### Brief
Retype each line of the listing. Do not alter anything.
····················
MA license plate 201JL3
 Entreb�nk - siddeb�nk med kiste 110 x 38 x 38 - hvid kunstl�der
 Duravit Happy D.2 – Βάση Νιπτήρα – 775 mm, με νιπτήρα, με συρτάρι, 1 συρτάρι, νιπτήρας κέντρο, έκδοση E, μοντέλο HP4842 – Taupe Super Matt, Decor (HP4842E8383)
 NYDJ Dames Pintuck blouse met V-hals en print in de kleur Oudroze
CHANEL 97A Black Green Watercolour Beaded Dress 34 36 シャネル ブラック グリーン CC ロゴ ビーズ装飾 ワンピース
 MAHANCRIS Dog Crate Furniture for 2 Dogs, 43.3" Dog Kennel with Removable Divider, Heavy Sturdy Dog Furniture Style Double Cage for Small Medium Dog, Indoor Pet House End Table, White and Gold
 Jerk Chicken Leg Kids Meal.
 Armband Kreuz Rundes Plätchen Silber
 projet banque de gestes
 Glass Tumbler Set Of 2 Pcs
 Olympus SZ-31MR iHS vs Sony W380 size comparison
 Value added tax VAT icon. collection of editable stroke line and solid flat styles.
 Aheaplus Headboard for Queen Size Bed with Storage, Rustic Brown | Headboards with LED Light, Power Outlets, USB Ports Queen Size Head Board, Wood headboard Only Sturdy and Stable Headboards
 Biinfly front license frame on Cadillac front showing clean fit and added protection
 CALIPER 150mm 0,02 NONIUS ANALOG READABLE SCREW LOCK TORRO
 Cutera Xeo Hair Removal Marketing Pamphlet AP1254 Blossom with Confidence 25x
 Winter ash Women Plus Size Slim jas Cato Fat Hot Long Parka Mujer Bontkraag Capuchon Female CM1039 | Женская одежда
····················
### Task result
MA license plate 201JL3
 Entreb�nk - siddeb�nk med kiste 110 x 38 x 38 - hvid kunstl�der
 Duravit Happy D.2 – Βάση Νιπτήρα – 775 mm, με νιπτήρα, με συρτάρι, 1 συρτάρι, νιπτήρας κέντρο, έκδοση E, μοντέλο HP4842 – Taupe Super Matt, Decor (HP4842E8383)
 NYDJ Dames Pintuck blouse met V-hals en print in de kleur Oudroze
CHANEL 97A Black Green Watercolour Beaded Dress 34 36 シャネル ブラック グリーン CC ロゴ ビーズ装飾 ワンピース
 MAHANCRIS Dog Crate Furniture for 2 Dogs, 43.3" Dog Kennel with Removable Divider, Heavy Sturdy Dog Furniture Style Double Cage for Small Medium Dog, Indoor Pet House End Table, White and Gold
 Jerk Chicken Leg Kids Meal.
 Armband Kreuz Rundes Plätchen Silber
 projet banque de gestes
 Glass Tumbler Set Of 2 Pcs
 Olympus SZ-31MR iHS vs Sony W380 size comparison
 Value added tax VAT icon. collection of editable stroke line and solid flat styles.
 Aheaplus Headboard for Queen Size Bed with Storage, Rustic Brown | Headboards with LED Light, Power Outlets, USB Ports Queen Size Head Board, Wood headboard Only Sturdy and Stable Headboards
 Biinfly front license frame on Cadillac front showing clean fit and added protection
 CALIPER 150mm 0,02 NONIUS ANALOG READABLE SCREW LOCK TORRO
 Cutera Xeo Hair Removal Marketing Pamphlet AP1254 Blossom with Confidence 25x
 Winter ash Women Plus Size Slim jas Cato Fat Hot Long Parka Mujer Bontkraag Capuchon Female CM1039 | Женская одежда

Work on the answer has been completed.